Beautifully shot, it's no secret that Hazanavicius has constructed a touching and passionate love letter to the silent era: accomplished entirely with a monochrome sensibility, the entire film cannot help but exude absolute charm. You'll willingly find yourself encapsulated in the life of silent film star George Valentin (Jean Dujardin), as we follow his successful career before he meets up-and-coming talent Peppy Miller (Bérénice Bejo), who quickly becomes hot property as the newest face of the Golden Age as the era of sound beckons.
For such a premise to succeed, it's essential that the script is tightly and solidly written, which it is. It stands as quite an achievement that a feature length screenplay can withstand a lack of sound, as it is accompanied by a dynamically organised score that adds plenty of atmosphere and personality to each and every scene. In modern cinema, where attention spans are shortening by the hour, The Artist does a fantastic job at maintaining interest throughout, only dawdling upon a rare occasion with mild exploration of Valentin's self pity and contrasting downbeat nature.
The decline of silent cinema is poignantly expressed as we witness the deep despair expressed by George through various nightmare sequences: one particularly exquisite scene introduces subtle diegetic sound as he realises he is powerless in clinging onto something that will soon become obsolete. Such futile efforts build into a self-wallowing state of affairs, which take us through to a strong finale and eloquently poised resolve: a satisfying and whimsical sensation will be felt by the end scene, which forms a superbly nostalgic, wonderfully made and extremely likeable film.
In a year with some accomplished performances no doubt set for a battle for Oscars glory, it's perhaps fitting that one of the most prolific efforts here is from canine co-star Uggie.
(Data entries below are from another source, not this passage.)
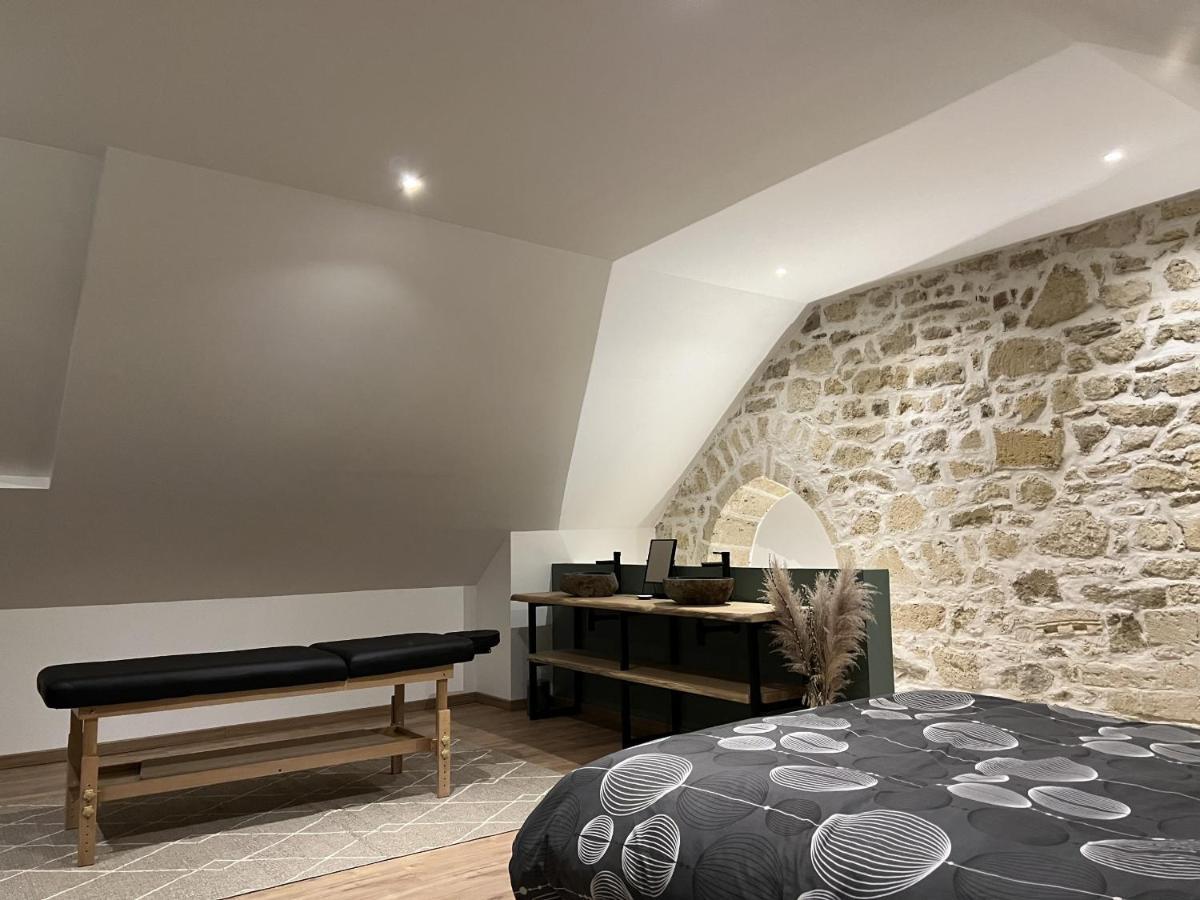 Appart Spa Privatif Laon Apartment Exterior photo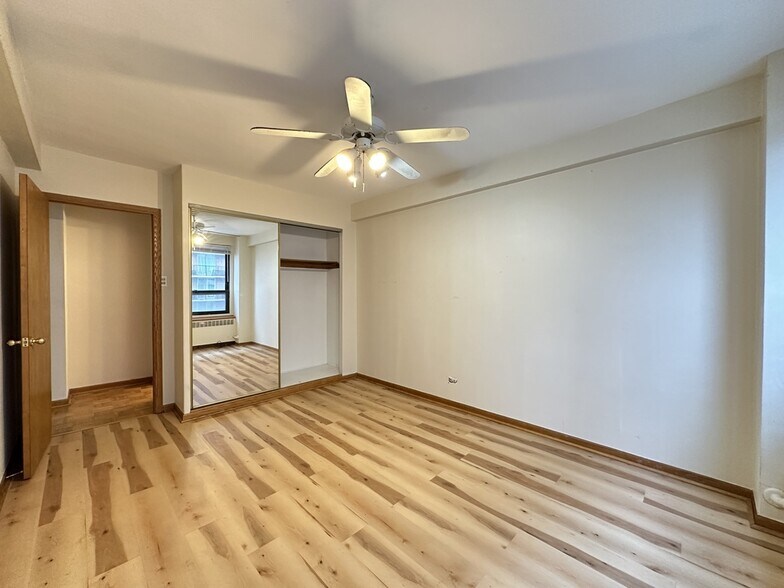 Building Photo - 4180 N Marine Dr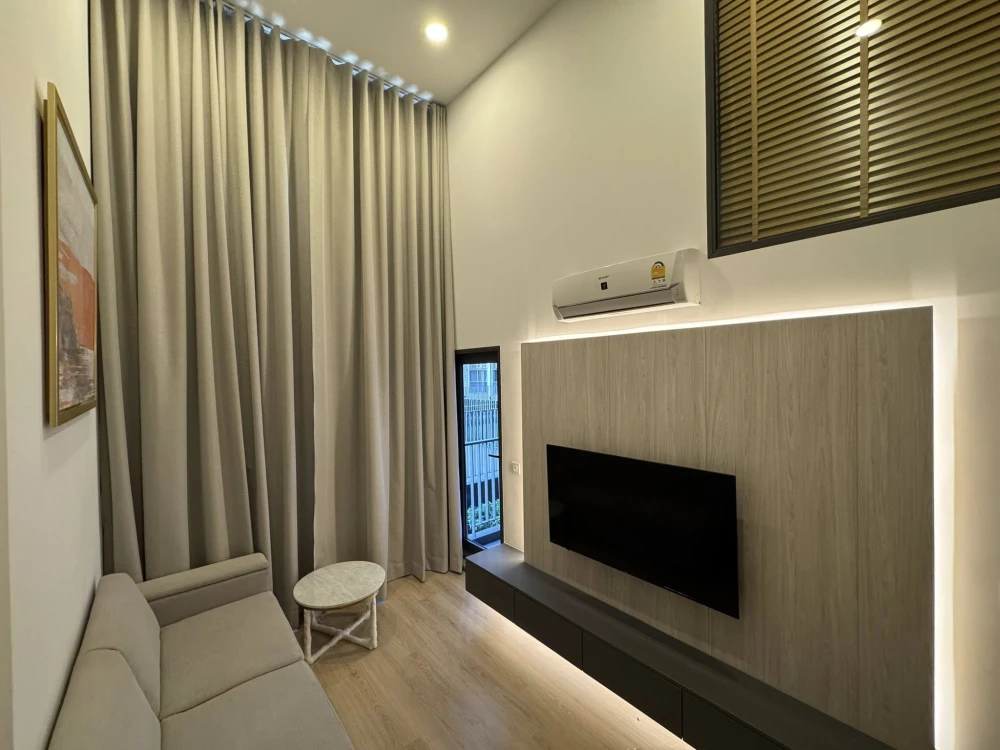For rent Life asoke-rama4 ห้องน่าอยู่ เฟอร์ เครื่องใช้ไฟฟ้าครบ ราคาอย่างคุ้ม คุณต้องไม่พลาดเลย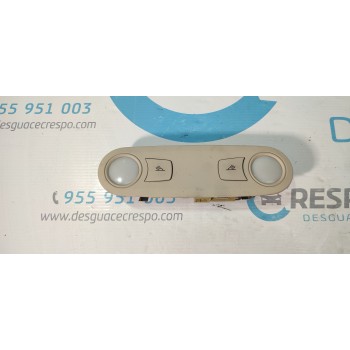 LUZ INTERIOR 8T0947111 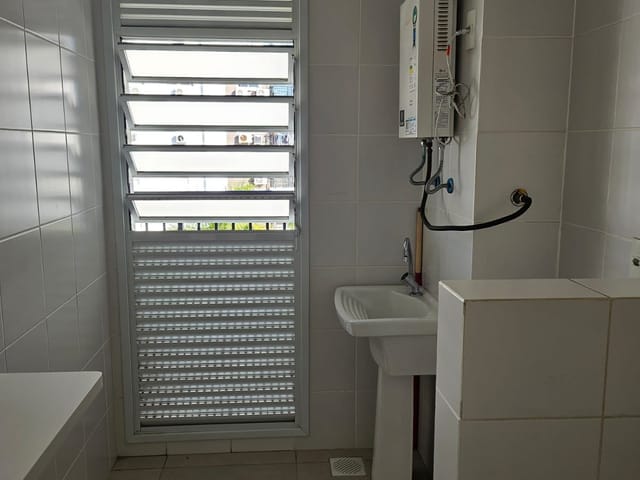 Apartamento com 90m² 2 quartos e 3 banheiros, para alugar, no bairro Abraão em Florianópolis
Not only is he trained to perfection as he meanders in and out of scenes with confidence, but also brings the real heart to the piece: cute in both appearance and action, Uggie serves to drive the narrative and provide a substantial amount of pleasure and laughs in an already winsome film.
Tonally, and by its very nature, the film requires a certain self-conscious awareness. Subtlety and a degree of tongue-in-cheek endeavour to strengthen the brazen nature of (at times) complete silence and amusing intertitles, executed in a sublime fashion that possesses credibility, deeming it hugely rewarding to experience.
VERDICT: The Artist is undeniably one of the most charismatic and captivating films of the year. It delivers something completely alternative from mainstream repetitiveness: a narrative reliant on memorably charming performances, an inventive and consistently entertaining story, as well as a fantastic score; it retains a familiarity rendering it accessible to everyone. What's more, its poignancy allows audiences to embrace in an era gone-by and appreciate how silence really can be golden.